### Available data

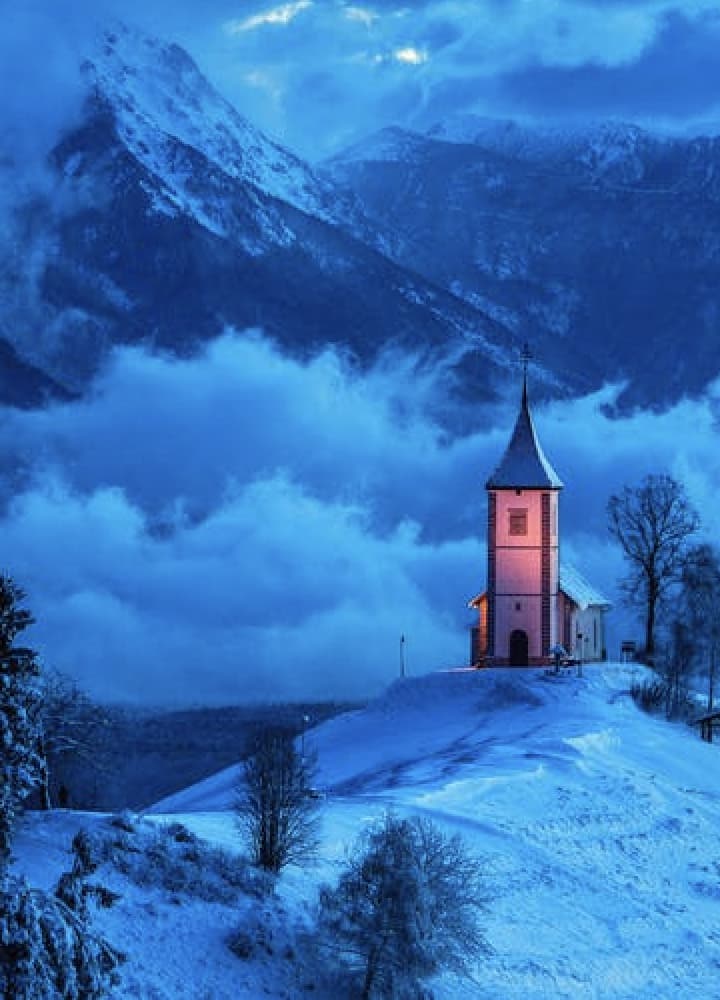 church on a hill in winter with mountains in the background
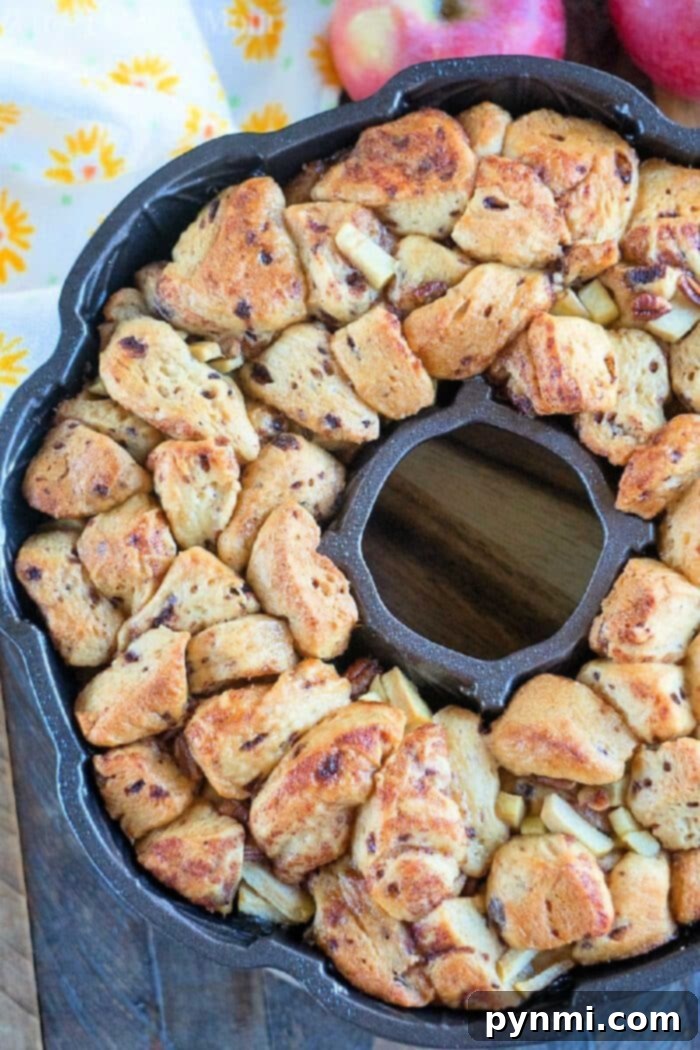 This apple monkey bread is packed full of fresh apples and really delicious! The best monkey bread I've made with refrigerated cinnamon rolls ever. #monkeybread #apple #breakfast #cinnamonroll #best #thetypicalmom Easy Apple Monkey Bread recipe, inverted from a bundt pan and drizzled with icing.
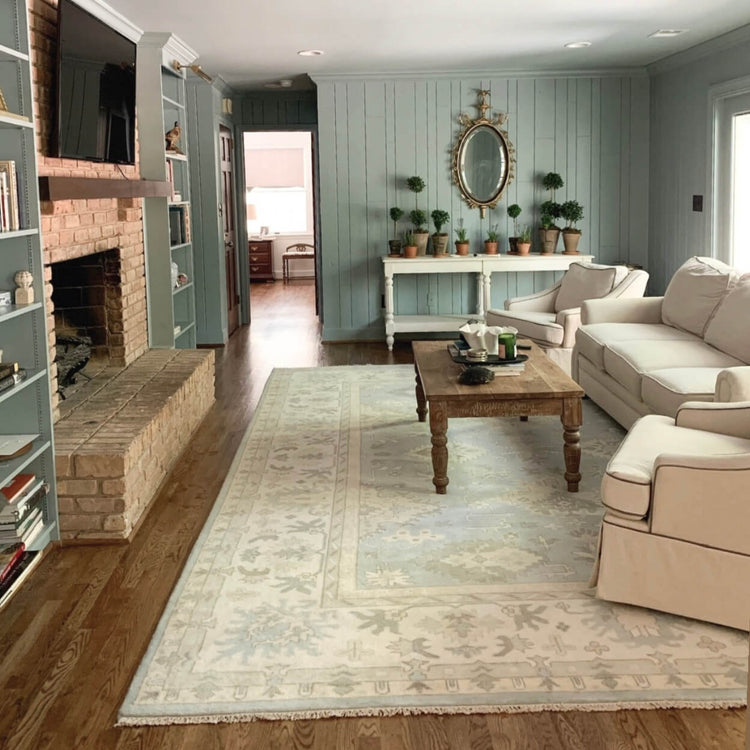 Handmade Oushak rug in a neutral living room with white seating and a stone fireplace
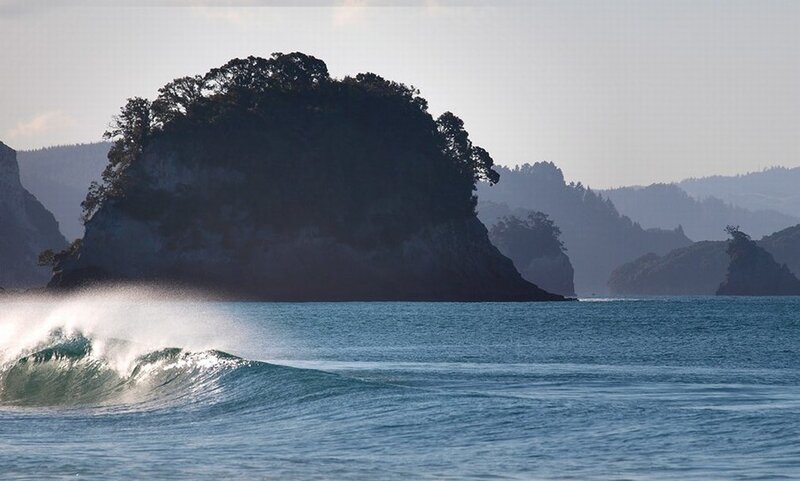 Wave crashing near rocky island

### Exercise
Text only, please: give the listing again word for word with no images.

### Task result
 church on a hill in winter with mountains in the background
 This apple monkey bread is packed full of fresh apples and really delicious! The best monkey bread I've made with refrigerated cinnamon rolls ever. #monkeybread #apple #breakfast #cinnamonroll #best #thetypicalmom Easy Apple Monkey Bread recipe, inverted from a bundt pan and drizzled with icing.
 Handmade Oushak rug in a neutral living room with white seating and a stone fireplace
 Wave crashing near rocky island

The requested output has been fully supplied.